--- INSTRUCTIONS TO FOLLOW ---
Every line below from the one with "Drohnen-Quadcopter, der im" through the one with "Photo of a farmer" is to be repeated exactly, with no picture among them.

--- MATERIAL PROVIDED ---

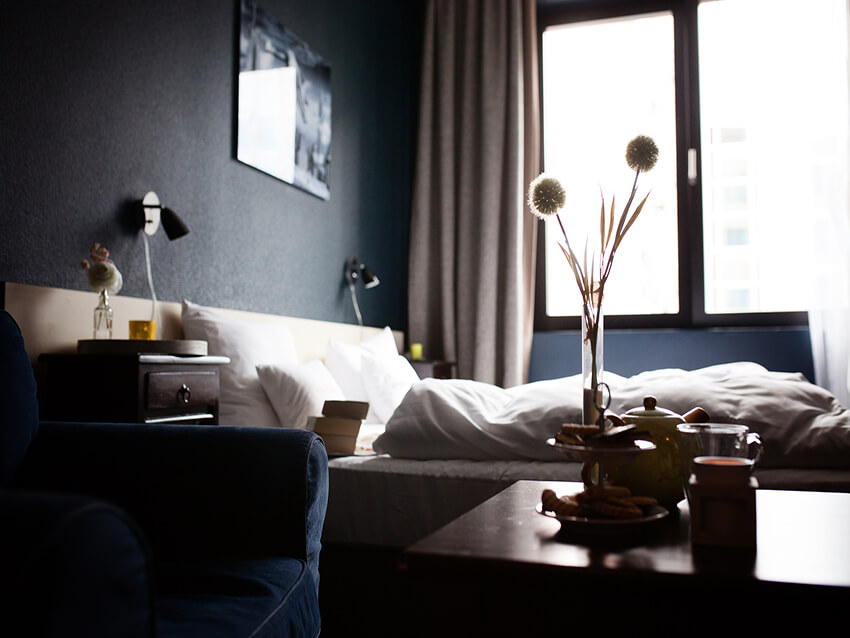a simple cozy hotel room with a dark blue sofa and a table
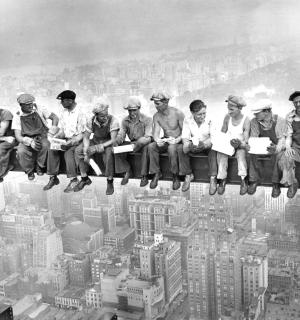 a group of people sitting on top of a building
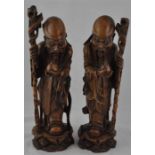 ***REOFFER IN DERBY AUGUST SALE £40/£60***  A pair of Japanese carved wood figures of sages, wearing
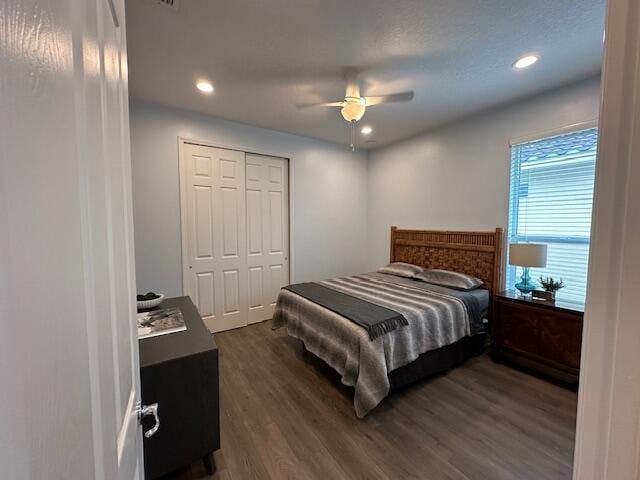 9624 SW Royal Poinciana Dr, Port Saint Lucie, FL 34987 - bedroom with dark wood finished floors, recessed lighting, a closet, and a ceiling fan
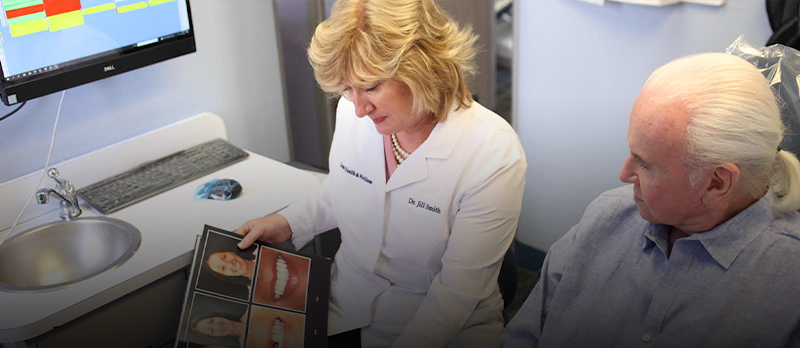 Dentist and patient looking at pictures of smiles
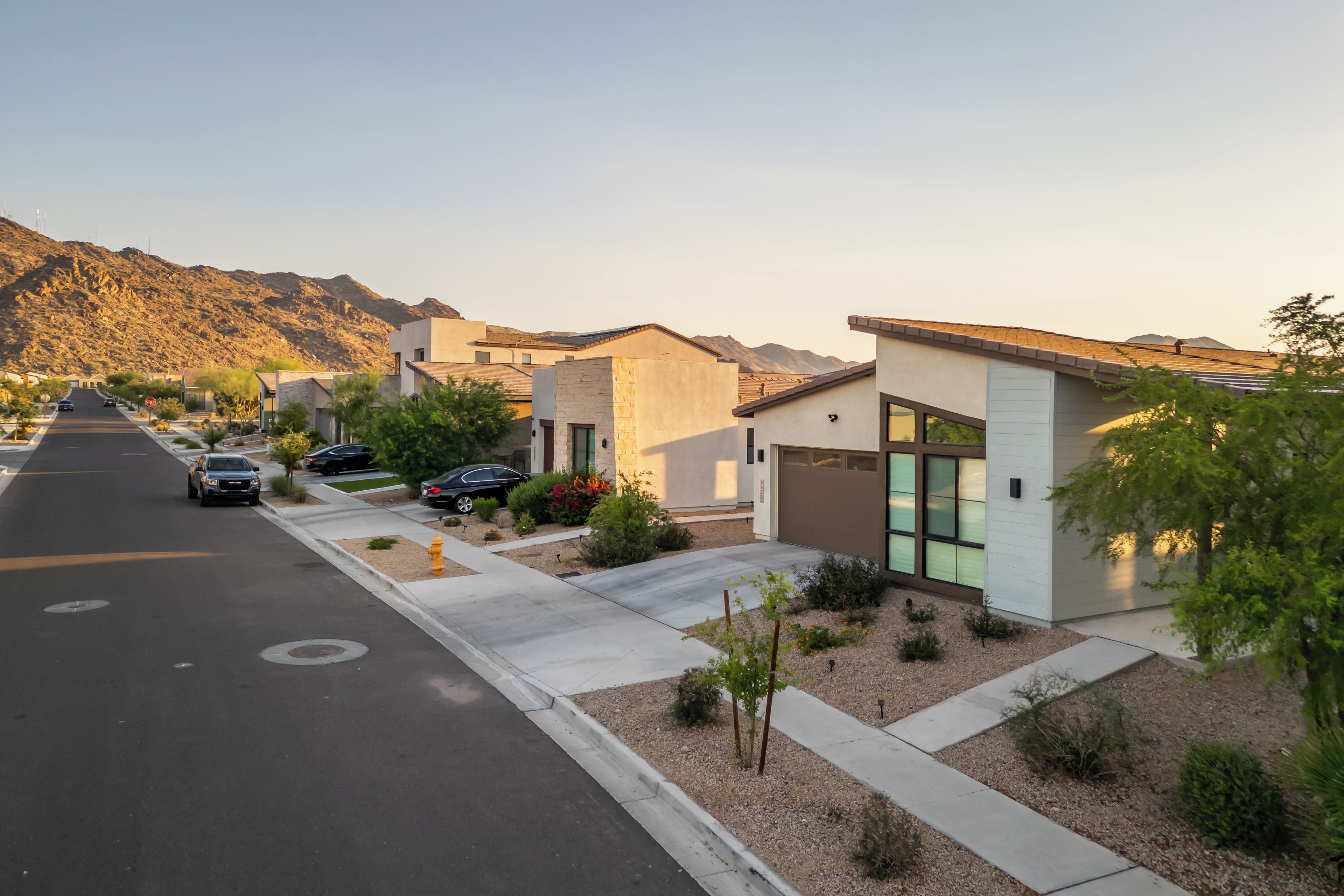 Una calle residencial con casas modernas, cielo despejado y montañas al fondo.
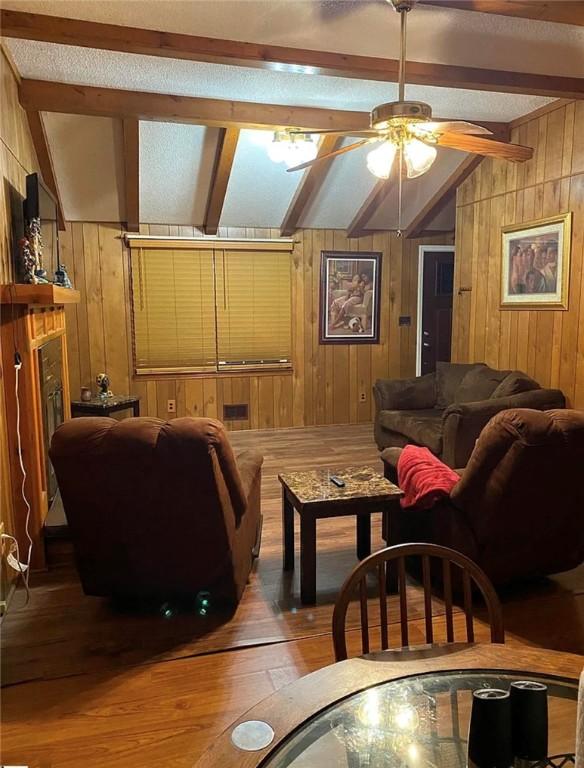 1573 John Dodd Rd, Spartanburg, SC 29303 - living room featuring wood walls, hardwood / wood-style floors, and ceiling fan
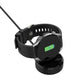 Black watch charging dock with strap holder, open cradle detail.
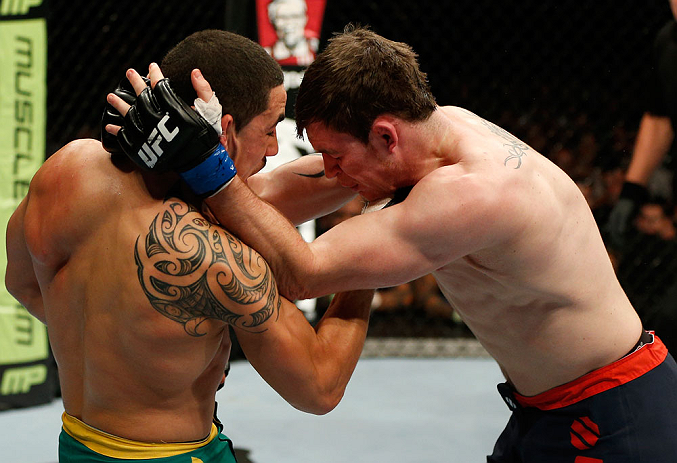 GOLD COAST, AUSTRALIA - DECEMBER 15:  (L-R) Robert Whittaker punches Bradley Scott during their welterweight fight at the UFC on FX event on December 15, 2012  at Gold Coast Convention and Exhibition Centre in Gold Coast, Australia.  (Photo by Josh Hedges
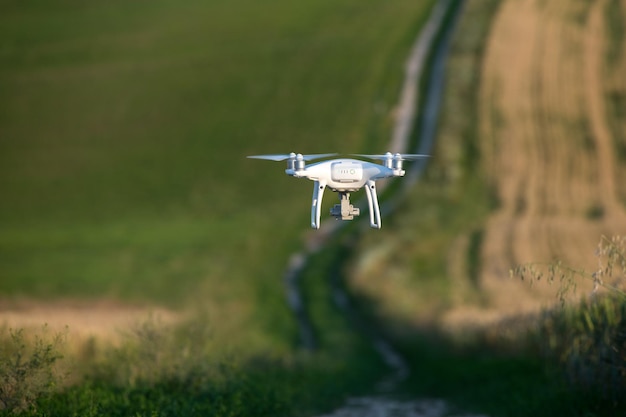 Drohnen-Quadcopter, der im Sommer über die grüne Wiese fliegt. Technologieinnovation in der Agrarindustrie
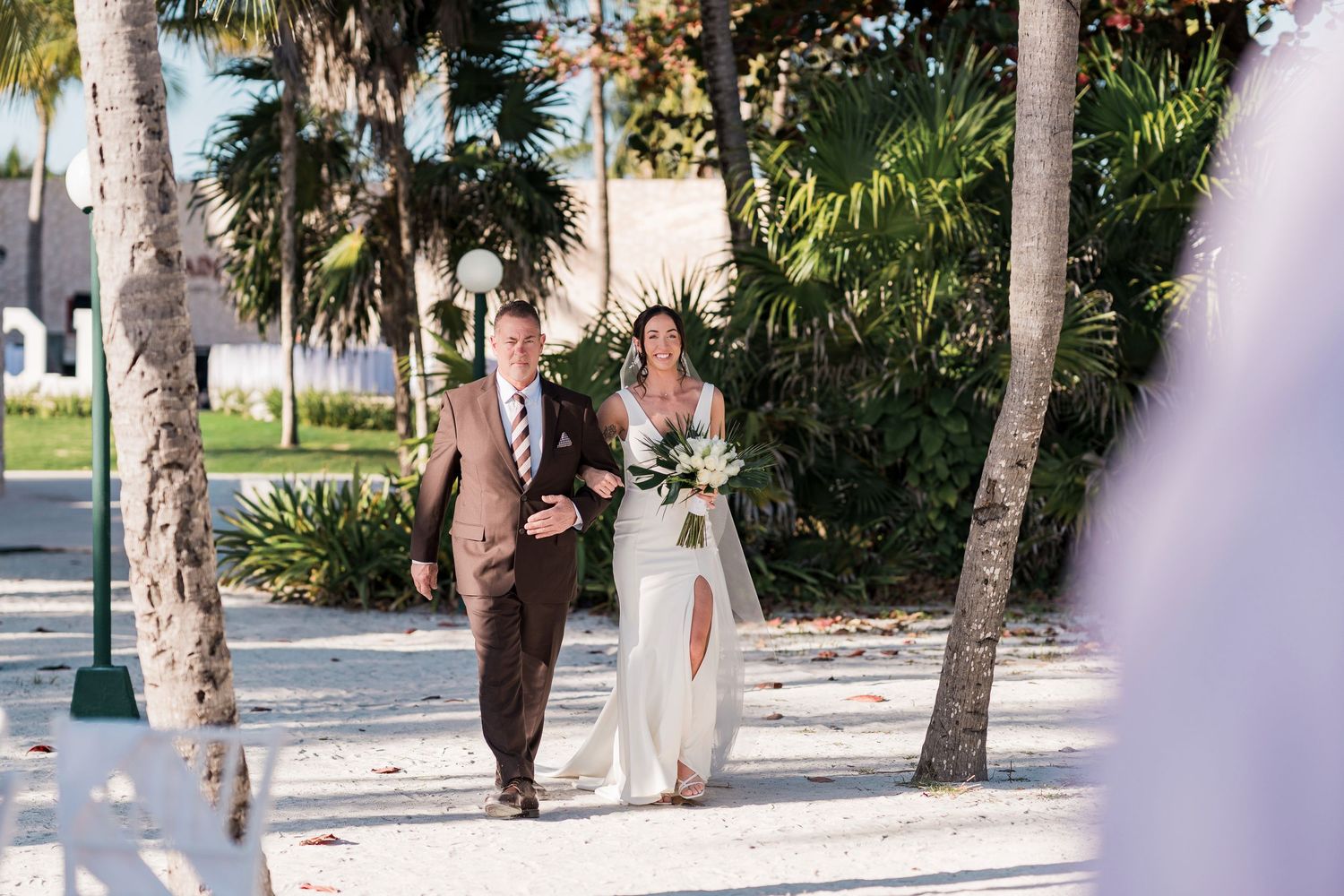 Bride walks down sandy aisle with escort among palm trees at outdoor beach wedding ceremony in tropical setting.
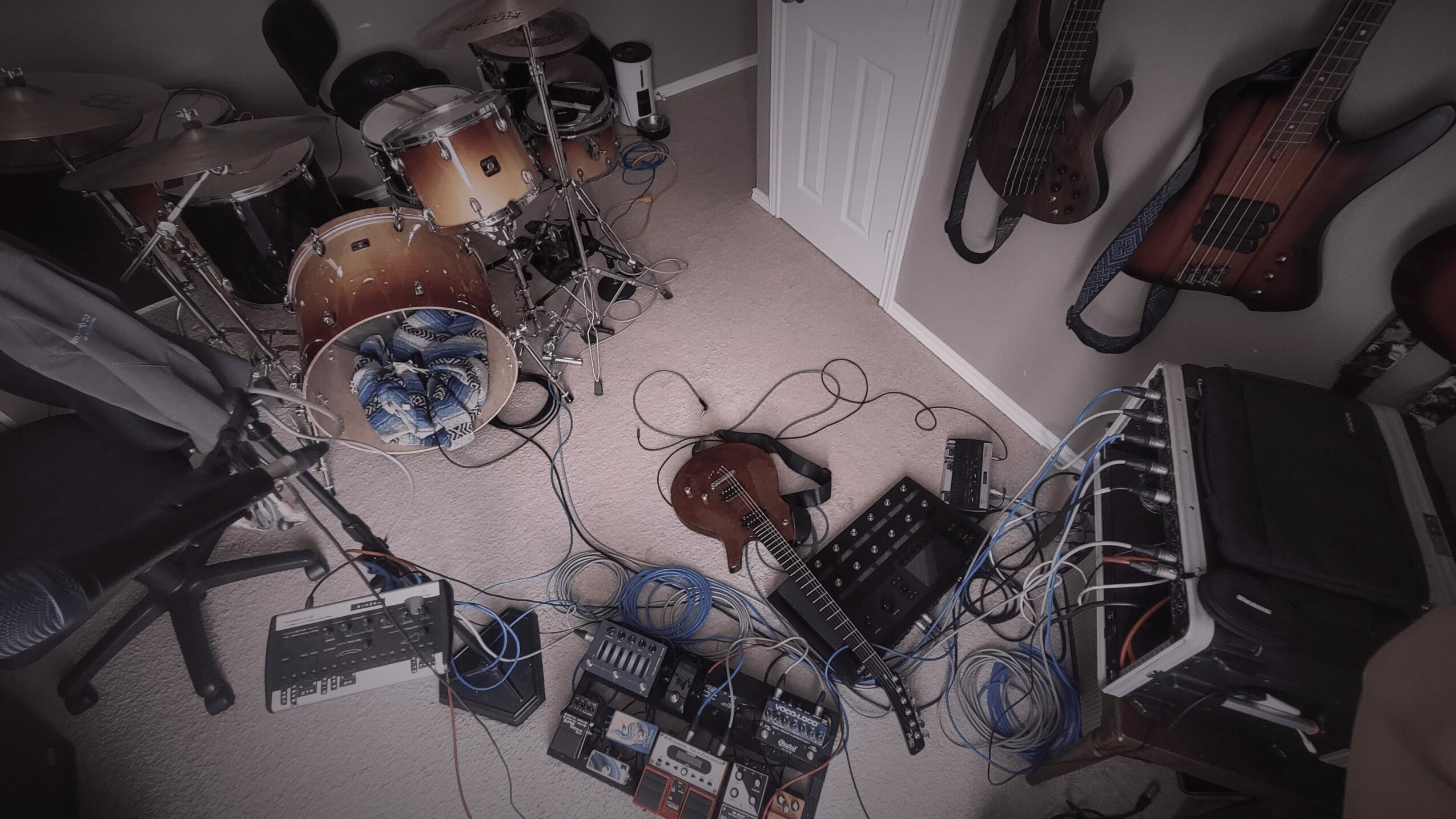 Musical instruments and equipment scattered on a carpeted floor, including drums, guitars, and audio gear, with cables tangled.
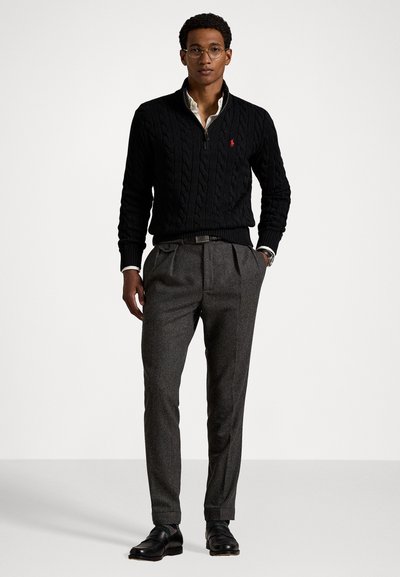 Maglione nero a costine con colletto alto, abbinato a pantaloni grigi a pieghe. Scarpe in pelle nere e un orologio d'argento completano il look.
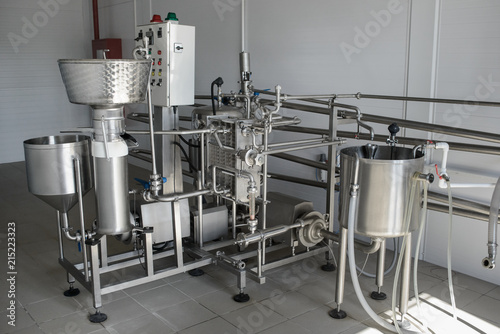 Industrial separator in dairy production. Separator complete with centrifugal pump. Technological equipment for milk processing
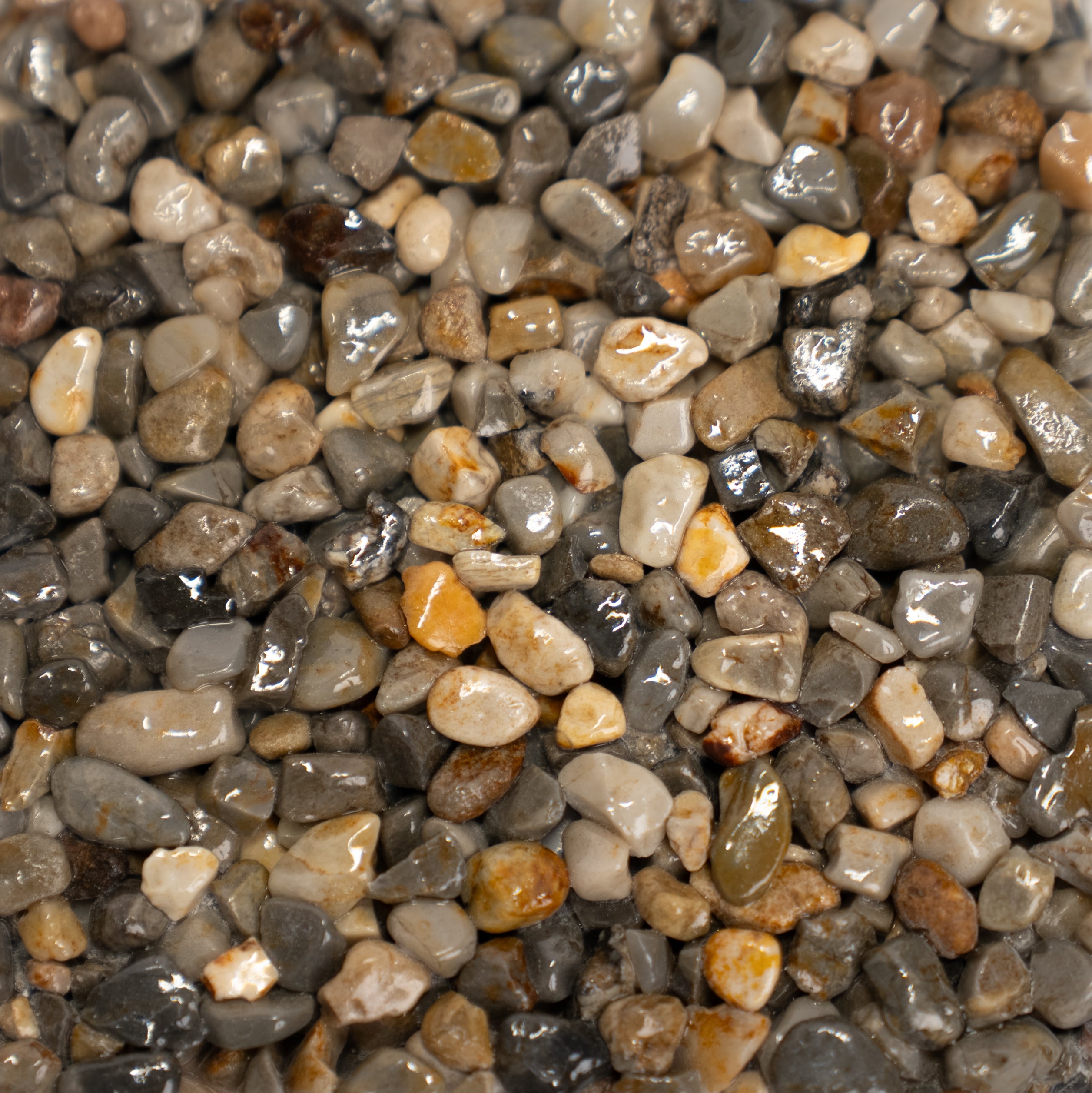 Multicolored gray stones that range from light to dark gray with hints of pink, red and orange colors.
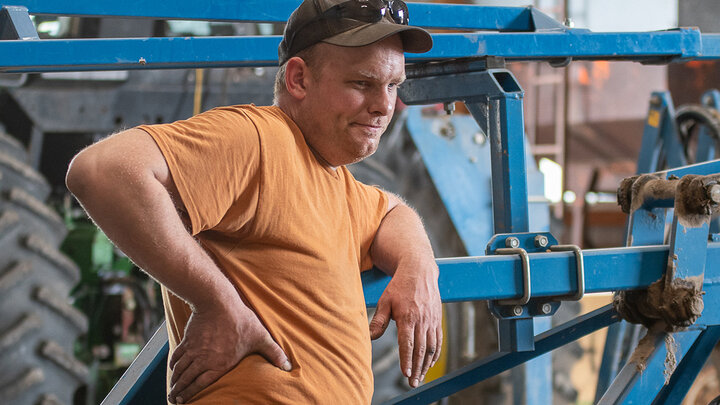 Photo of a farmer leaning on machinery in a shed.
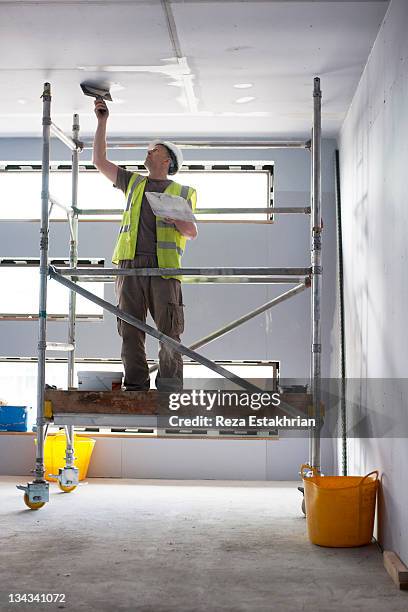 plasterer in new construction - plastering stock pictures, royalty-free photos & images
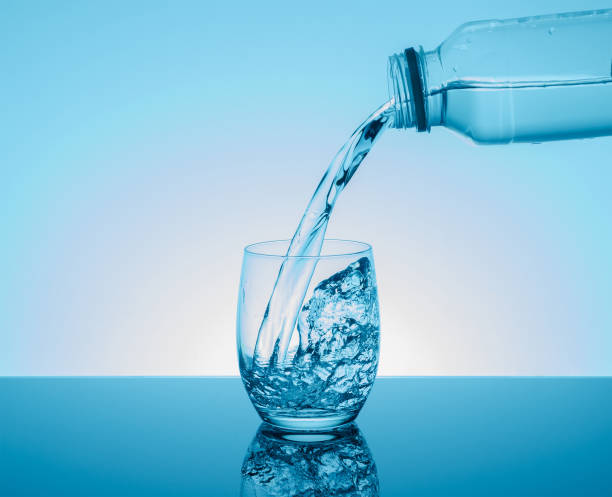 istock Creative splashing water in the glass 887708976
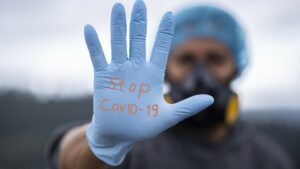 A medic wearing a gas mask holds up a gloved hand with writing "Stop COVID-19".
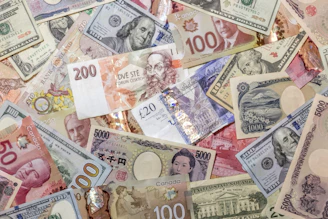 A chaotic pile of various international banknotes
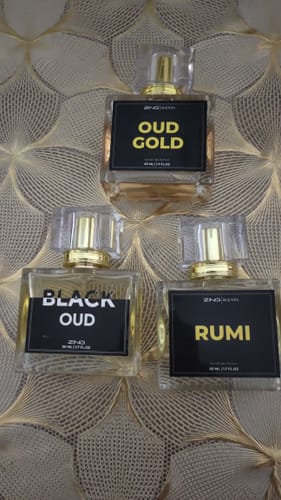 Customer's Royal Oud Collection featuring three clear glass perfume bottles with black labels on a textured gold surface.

--- RESULT OF THIS EXERCISE ---
 Drohnen-Quadcopter, der im Sommer über die grüne Wiese fliegt. Technologieinnovation in der Agrarindustrie
 Bride walks down sandy aisle with escort among palm trees at outdoor beach wedding ceremony in tropical setting.
 Musical instruments and equipment scattered on a carpeted floor, including drums, guitars, and audio gear, with cables tangled.
 Maglione nero a costine con colletto alto, abbinato a pantaloni grigi a pieghe. Scarpe in pelle nere e un orologio d'argento completano il look.
 Industrial separator in dairy production. Separator complete with centrifugal pump. Technological equipment for milk processing
 Multicolored gray stones that range from light to dark gray with hints of pink, red and orange colors.
 Photo of a farmer leaning on machinery in a shed.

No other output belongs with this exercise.